So I went to work vigorously agin. But well might I tell Miss Fogg “that the day had only jest begun, and there wuz time for lots of things to happen before night,” for I had only jest got well to work on the ingregiences of my pies when Submit Tewksbury sent over “to see if I could let her have them sturchien seeds I had promised her–she wanted ’em to run up the inside of her bedroom winder, and shade her through the winter. She wuz jest a-settin’ out her winter stock of flower roots and seeds, and wanted ’em immegiatly, and to once, that is, if it was perfectly convenient,” so the boy said.

Submit is a good creeter, and she wouldn’t have put that burden on me on such a time for nothin’, not if she had known my tribulations; but she didn’t, and I felt that one trial more wouldn’t, as the poet hath well said, “either make or break me.”

So I went to huntin’ for the seeds. Wall, it wuz a good half-hour before I could find ’em, for of course it wuz natural nater, accordin’ to the total deprivity of things, that I should find ’em in the bottom of the last bag of seeds that I overhauled.

But Submit had been disappointed, and I didn’t want to make her burdens any heavier, so I sent her the sturchien seeds.

But it wuz a trial I do admit to look over more than forty bags of garden and flower seeds in such a time as that. But I sent ’em. I sent Submit the sturchien seeds, and then I laid to work again fast as I possibly could.

But I sez to the author of “Peaceful Repose,” I sez to her, sez I:

“I feel bad to think I hain’t gettin’ no time to hear you rehearse your lecture, but you can see jest how it is; you see I hain’t had a minute’s time today. Mebby I will get a few minutes’ time before night; I will try to,” sez I.

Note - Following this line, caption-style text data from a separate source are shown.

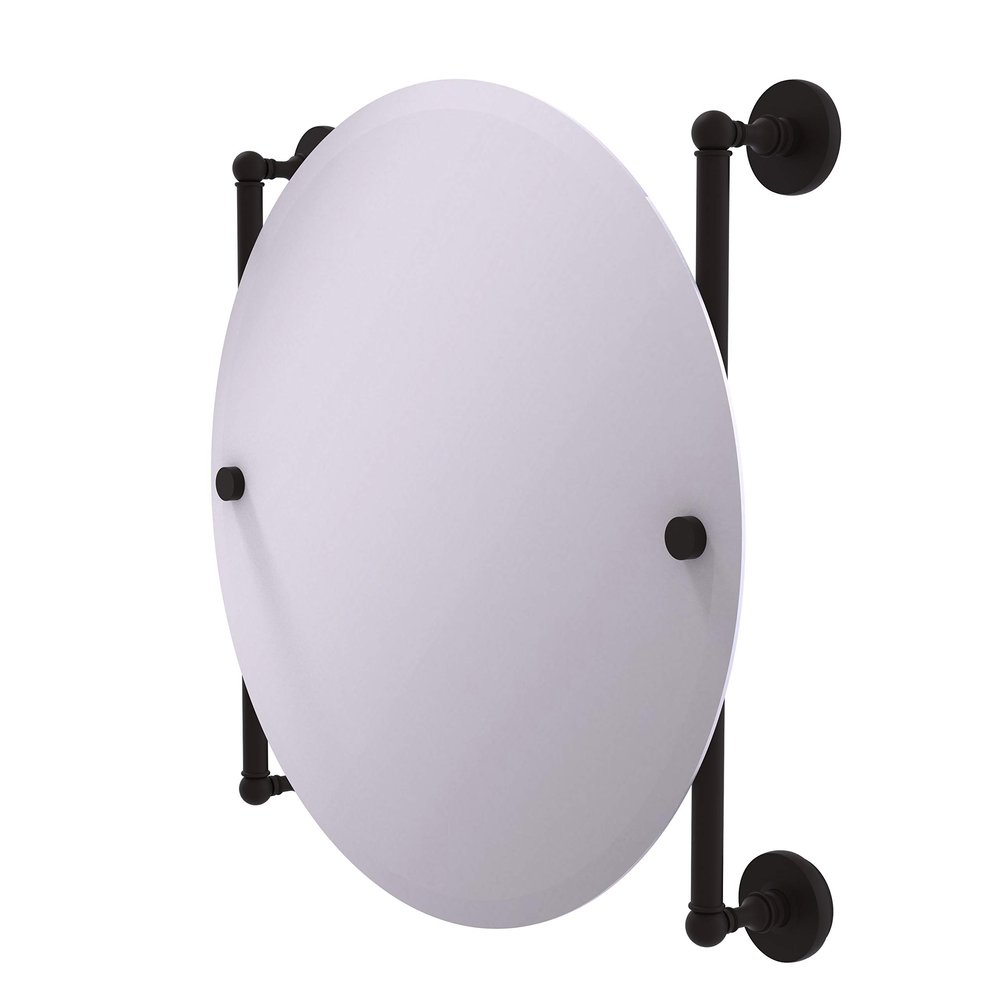 Allied Brass Prestige Skyline Collection Round Frameless Rail Mounted Wall Mirror, Oil Rubbed Bronze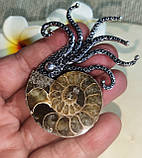 Серебристый кулон- брошка  с натуральным аммонитом, фото 6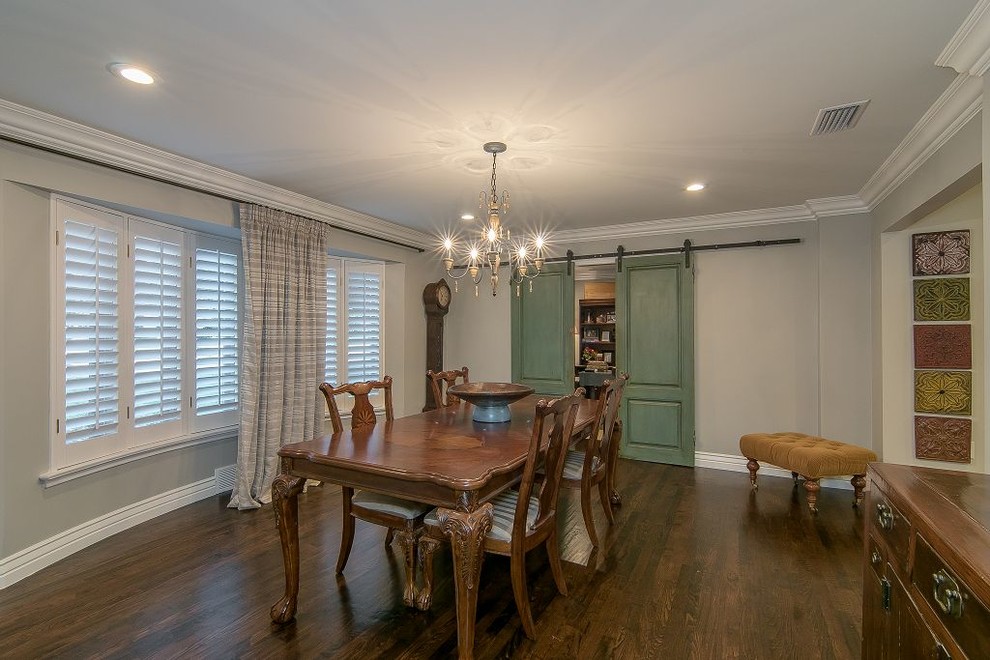 This is an example of a medium sized traditional enclosed dining room in Dallas with grey walls, dark hardwood flooring and no fireplace.
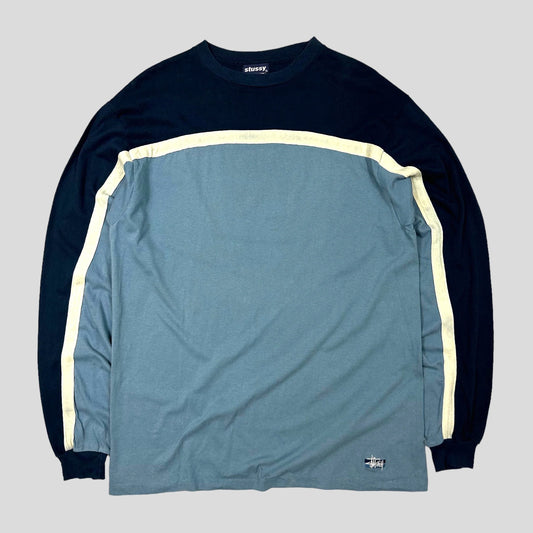 Stussy 90’s Embroidered Panelled Bar Logo Longsleeve - XL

“Oh,” sez she, “it hain’t no matter about that; I–I–I somehow–I don’t feel like rehearsin’ it as it was.” Sez she, “I guess I shall make some changes in it before I rehearse it agin.”

Sez I, “You lay out to make a more mean thing of it, more megum.”

“Yes,” sez she, in faint axents, “I am a-thinkin’ of it.”


“Wall,” sez I cheerfully, as I started for the buttery with a pile of cups in one hand, the castor and pickle dish in the other, and a pile of napkins under my arm, “I believe I shall like it as well again if you do, any way,” sez I, as I kicked away the cat that wuz a-clawin’ my dress, and opened the door with my foot, both hands bein’ full.

“Any way, there will be as much agin truth in it.”

Wall, I went to work voyalently, and in two hours’ time I had got my work quelled down some. But I had to strain nearly every nerve in the effort.

And I am afraid I didn’t use the colporter just exactly right, who come when I wuz right in the midst of puttin’ the ingregiences into my tea cakes. I didn’t enter so deep into the argument about the Revised New Testament as I should in easier and calmer times. I conversed considerable, I argued some with him, but I didn’t get so engaged as mebby I had ort to. He acted disappointed, and he didn’t stay and talk more’n an hour and three quarters.

He generally spends half a day with us. He is a master hand to talk; he’ll make your brain fairly spin round he talks so fast and handles such large, curius words. He talked every minute, only when I wuz a-answerin’ his questions.


Wall, he had jest gone, the front gate had just clicked onto him, when Miss Philander Dagget came in at the back door. She had her press-board in her hand, and a coat over her arm, and I see in a minute that I had got another trial onto me. I see I had got to set her right.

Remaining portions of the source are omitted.